PROBLEM DESCRIPTION — The pictures in the data below are to be omitted; all else must be duplicated exactly.

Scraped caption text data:
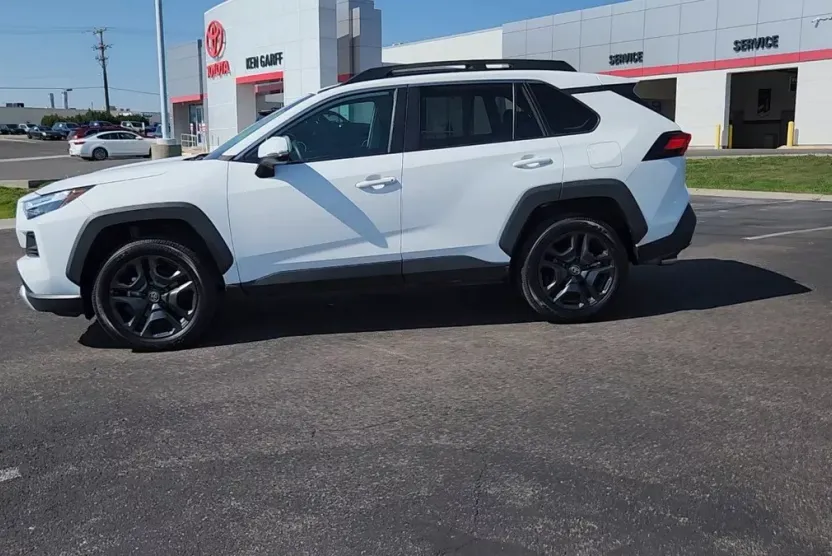 2024 Toyota RAV4 Adventure photo 1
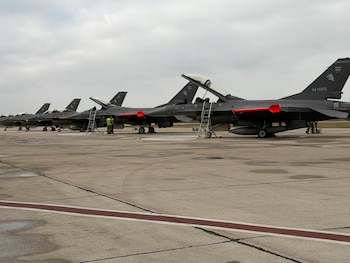 El moderno hangar destinado a los F-16 en Río Cuarto se divide en dos áreas principales (Foto: archivo DEF)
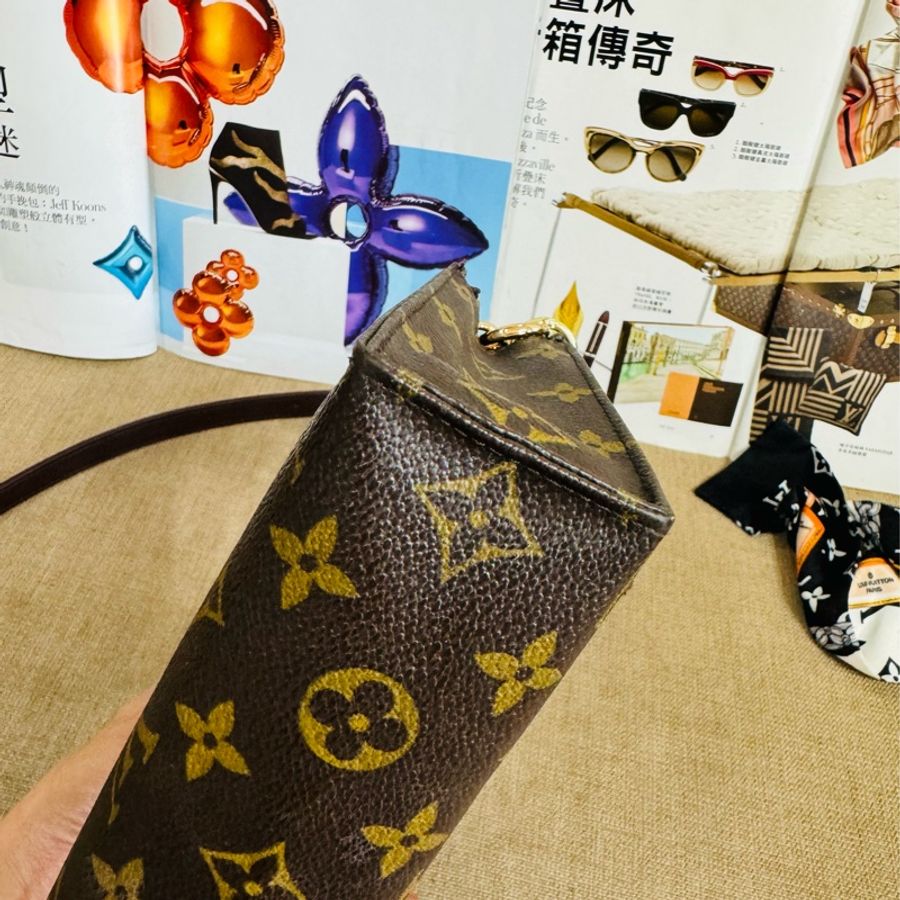 售 二手 真品 Louis Vuitton 經典花紋斜背 絕版19 化妝包 洗漱包 盥洗包-8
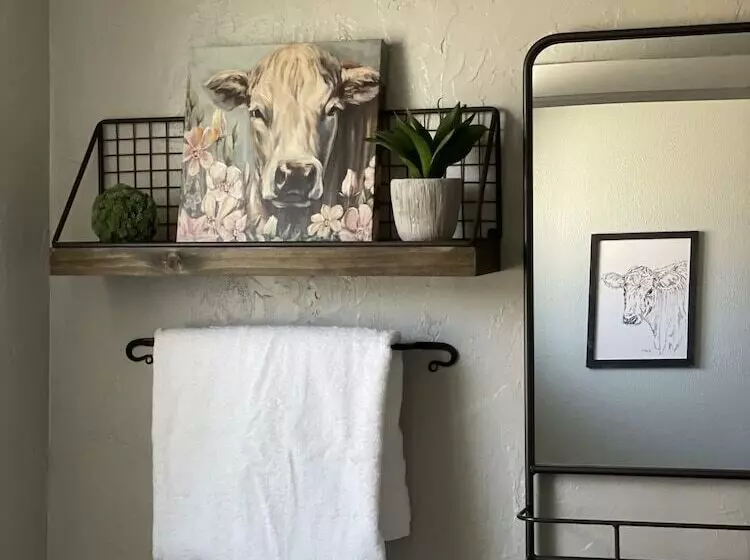 Hotelli Millz Manor At Fall River Millz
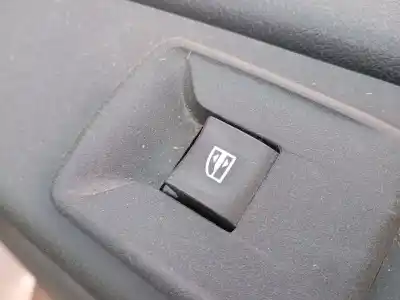 Pièce détachée automobile d'occasion COMMANDE DE LÈVE VITRE AVANT DROIT pour OPEL VIVARO B AUTOBÚS (X82) 1.6 CDTI (06) Références OEM IAM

RESULT OF THIS EXERCISE —
 2024 Toyota RAV4 Adventure photo 1
 El moderno hangar destinado a los F-16 en Río Cuarto se divide en dos áreas principales (Foto: archivo DEF)
 售 二手 真品 Louis Vuitton 經典花紋斜背 絕版19 化妝包 洗漱包 盥洗包-8
 Hotelli Millz Manor At Fall River Millz
 Pièce détachée automobile d'occasion COMMANDE DE LÈVE VITRE AVANT DROIT pour OPEL VIVARO B AUTOBÚS (X82) 1.6 CDTI (06) Références OEM IAM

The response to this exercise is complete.